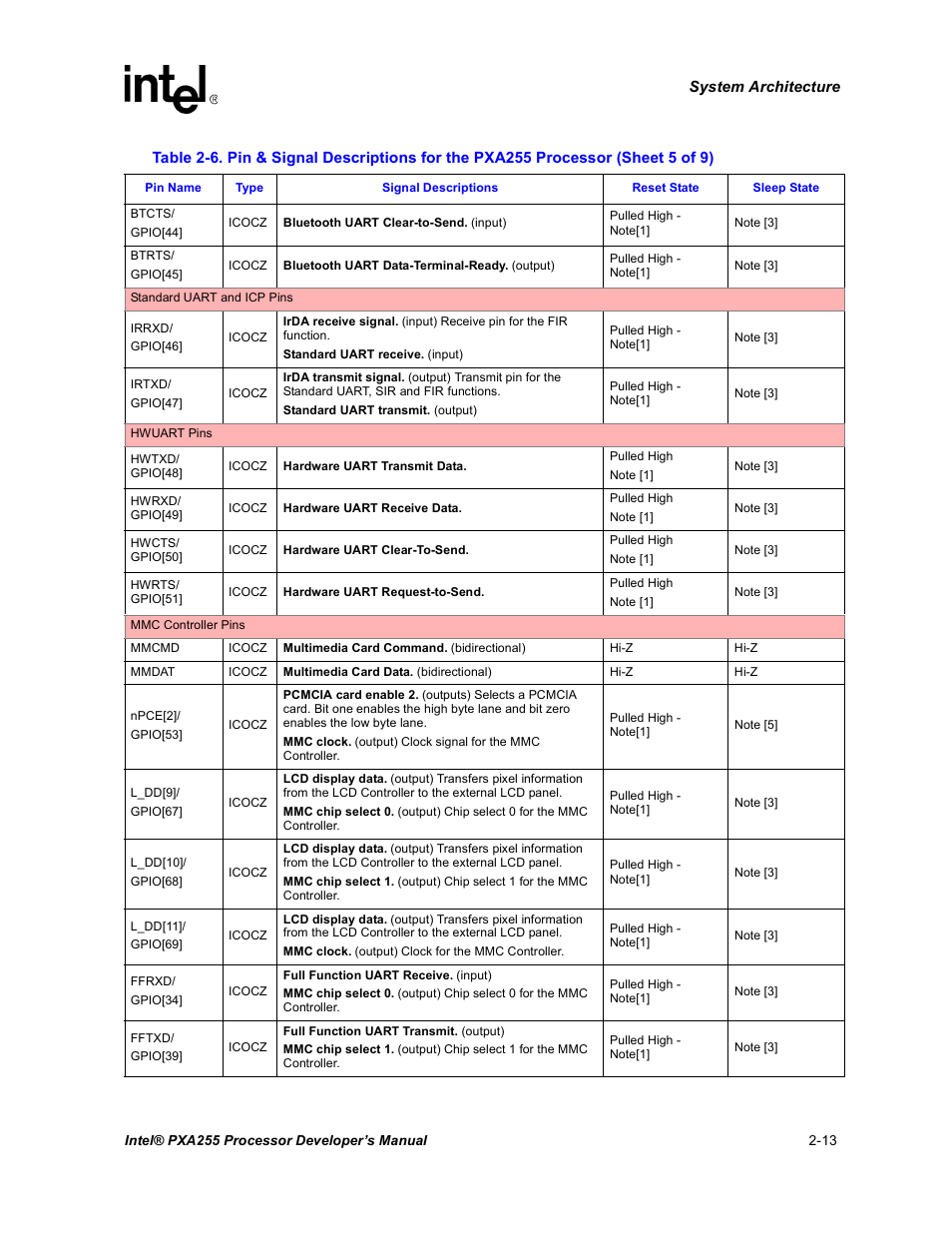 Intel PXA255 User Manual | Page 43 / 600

* * *

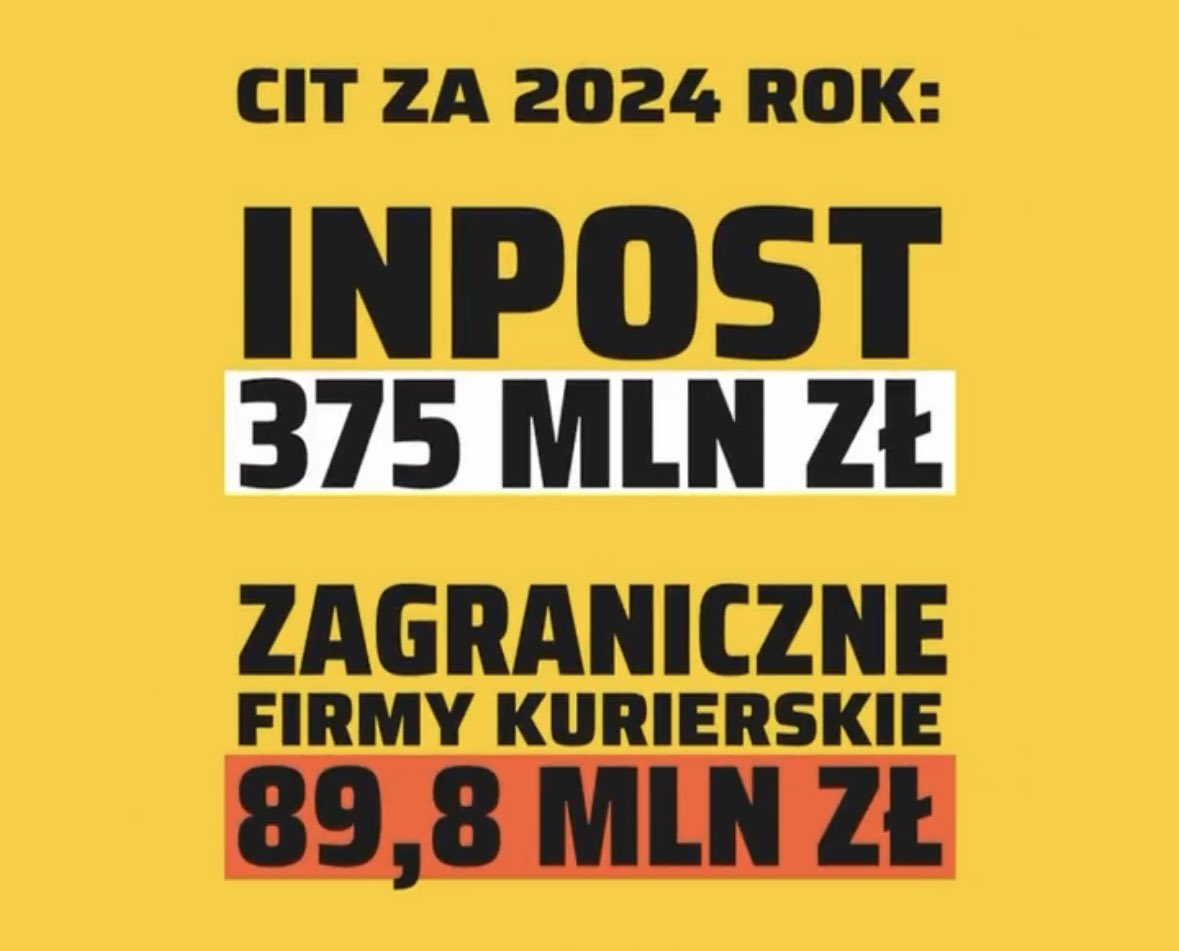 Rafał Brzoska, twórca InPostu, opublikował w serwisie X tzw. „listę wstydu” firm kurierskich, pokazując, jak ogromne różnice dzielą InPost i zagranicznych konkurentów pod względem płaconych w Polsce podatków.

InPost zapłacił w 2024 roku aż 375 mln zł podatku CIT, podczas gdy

EXERCISE AIM.
In the material above, one part opens with the line containing "Rafał Brzoska, twórca" and closes with the line containing "InPost zapłacił w". Write out that part exactly and skip its pictures.

OUTPUT OF THE TASK.
 Rafał Brzoska, twórca InPostu, opublikował w serwisie X tzw. „listę wstydu” firm kurierskich, pokazując, jak ogromne różnice dzielą InPost i zagranicznych konkurentów pod względem płaconych w Polsce podatków.

InPost zapłacił w 2024 roku aż 375 mln zł podatku CIT, podczas gdy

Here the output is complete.